In recent years, SA has seen a spike in cases of human trafficking. The victims, girls and women often undocumented foreigners from neighbouring African states, tend to be voiceless. Either without anyone working tirelessly to have them free, or without loved ones with means to save them.

“For every 130 girls or women on the planet, one is a modern slave,” says Grace Forrest, founder and director of Walk Free, an international human rights organisation focused on ending modern slavery.

Valerie came to Pretoria from Zimbabwe in 2010, hoping to find work to support her two young boys back home in Masvingo, the then-29-year-old Valerie told Drum in 2017.

She found odd jobs as a domestic worker and a street vendor.
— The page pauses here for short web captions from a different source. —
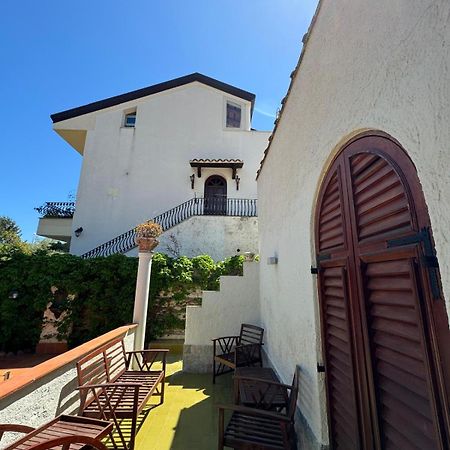 Casa Vacanze Villa Angelina Giardini-Naxos Buitenkant foto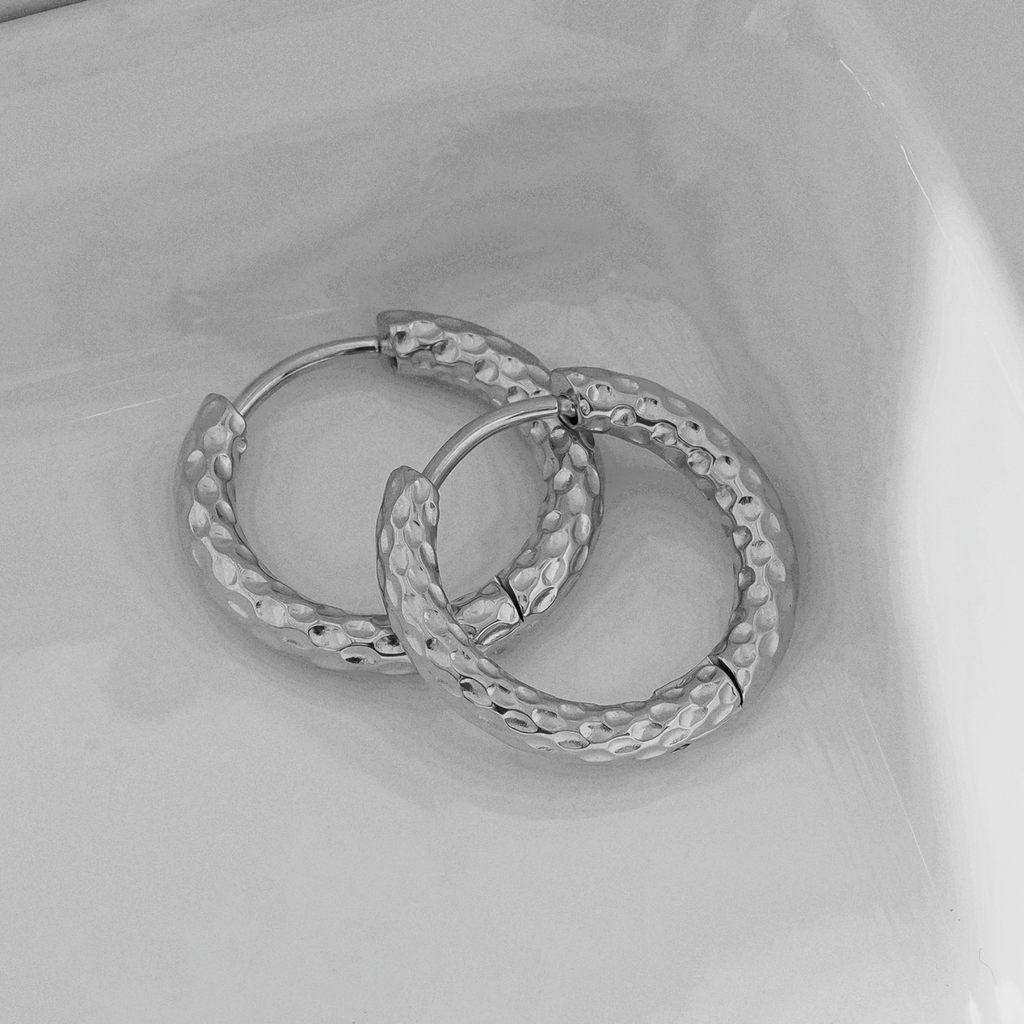 EDGWARE Silver (White Gold): Decorative Hammered Hoop Earrings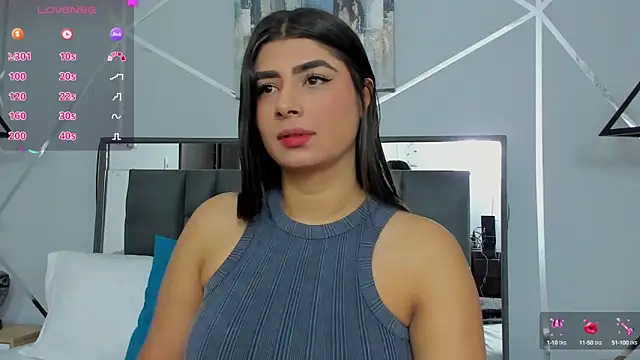 ZiaCalifa online show from 01.13.25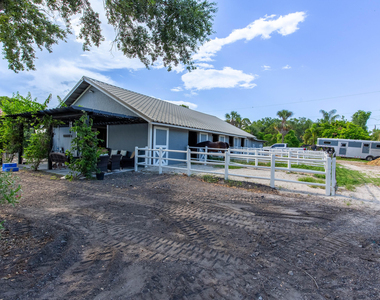 844 Arabian Drive - Photo Thumbnail 2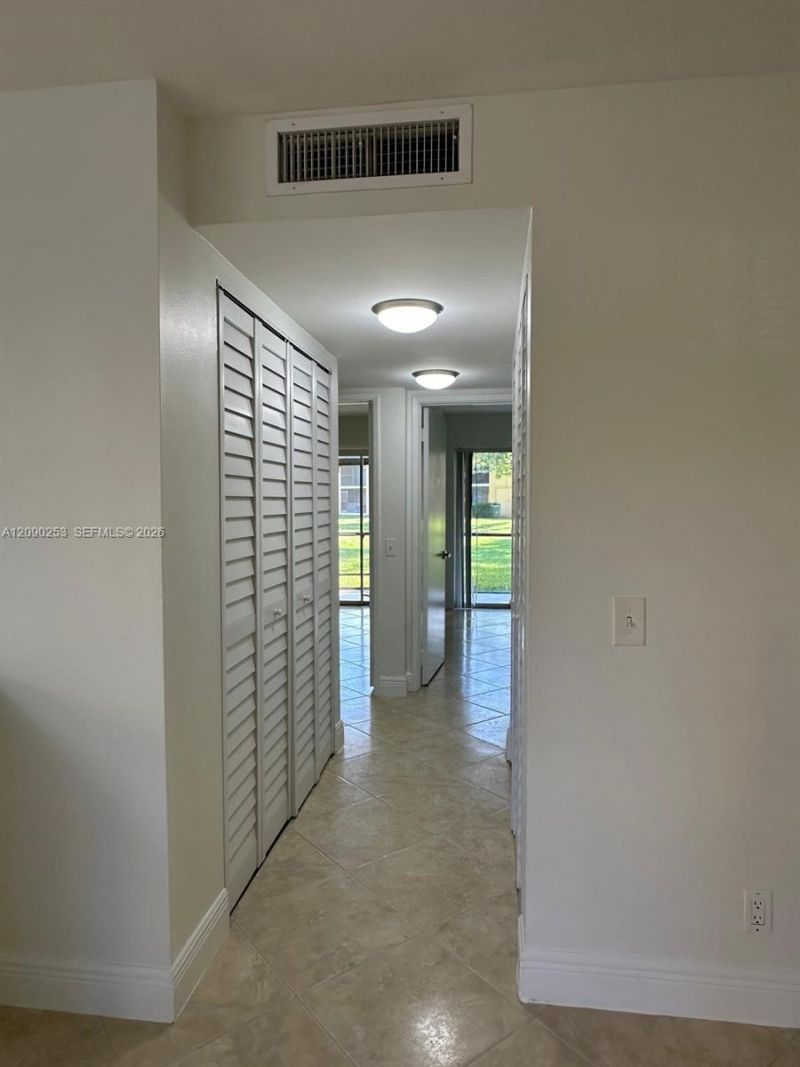 801 Meadows Circle, Unit 801, Boynton Beach, FL 33436 Photo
When a group of South African women she knew in passing told her they could arrange an interview for her for a job at a supermarket in Johannesburg, she leapt at the opportunity.

This could be the break she’d been hoping for, she thought, a good job with a regular salary. But there was no job – instead her “helpful” acquaintances were selling her as a sex slave to a syndicate that dealt in prostitutes and drugs.

Forced to work as prostitute

She went to Rosettenville for the “interview” where she was drugged and gang raped, locked up and barely given enough food to survive. Her attempts to escape were futile as she was too drugged up to get very far from the dilapidated house where she and other young women were forced to work as prostitutes.

Valerie and the other women were allowed out to sell drugs for their captors and it was in 2014, four years after Valerie was abducted, that she was arrested by police for selling the very substances she had become addicted to.

“Modern slavery,” according to the NGO, “is an umbrella term, which encompasses several types of exploitation, including forced labour, human trafficking and forced marriage.”

World Day Against Trafficking is marked annually on 30 July to educate people that practices such as ukuthwala, forced labour and recruiting someone for making them a drug mule or for forced labour and/or sex is a criminal offence.

The cops, Valerie told Drum in 2017, weren’t interested in her story and the Zimbabwean felt even more hopeless and helpless.

However, then minister of police Fikile Mbalula, speaking after the recent return home of Princess Mahlangu, a Bloemfontein woman who was trafficked to Malaysia, vowed cops would treat all information about the trafficking of women seriously going forward.

“If someone says they have been trafficked, the police must investigate and prove otherwise if it’s not,” he said.

Captors bribed police to release her to them

Valerie at the time alleged her captors bribed the police officers to release her before she could be charged. She was taken back to her personal hell where she was forced to have sex with more men to make up for the money he hadn’t made while she was in custody.

There are no accurate figures of how many women and children are subjected to the kind of ordeal Valerie found herself in, but experts estimate thousands of people have been trafficked in similar circumstances in South Africa.

Human trafficking is on the rise, according to Marcel van der Watt, an expert in the field of organised crime, human trafficking, and sexual exploitation.

“Anti-trafficking legislation came in 2015 but I can tell you the cases of human trafficking in South Africa are increasing.

“The absence of reliable statistics means there is no clarity on how big the problem is,’’ adds Van der Watt.

“A lot of women we have supported face two nightmares – the brutality of slavery-like conditions and, post-escape, getting officials to believe them or, even worse, finding themselves imprisoned for crimes their traffickers forced them to commit,” according to Shenaaz Khan from Recovery Life Institute, a non-profit counselling centre in Robertsham in the south of Johannesburg.

Traffickers use major SA cities as a transit point to Europe. Often rural children who are exploited have been offered the false “opportunity” of an education or a better life, according to the International Organisation for Migration.

Anti-trafficking campaigners and NGOs believe more than 30,000 children are trafficked into the country each year for the sex trade.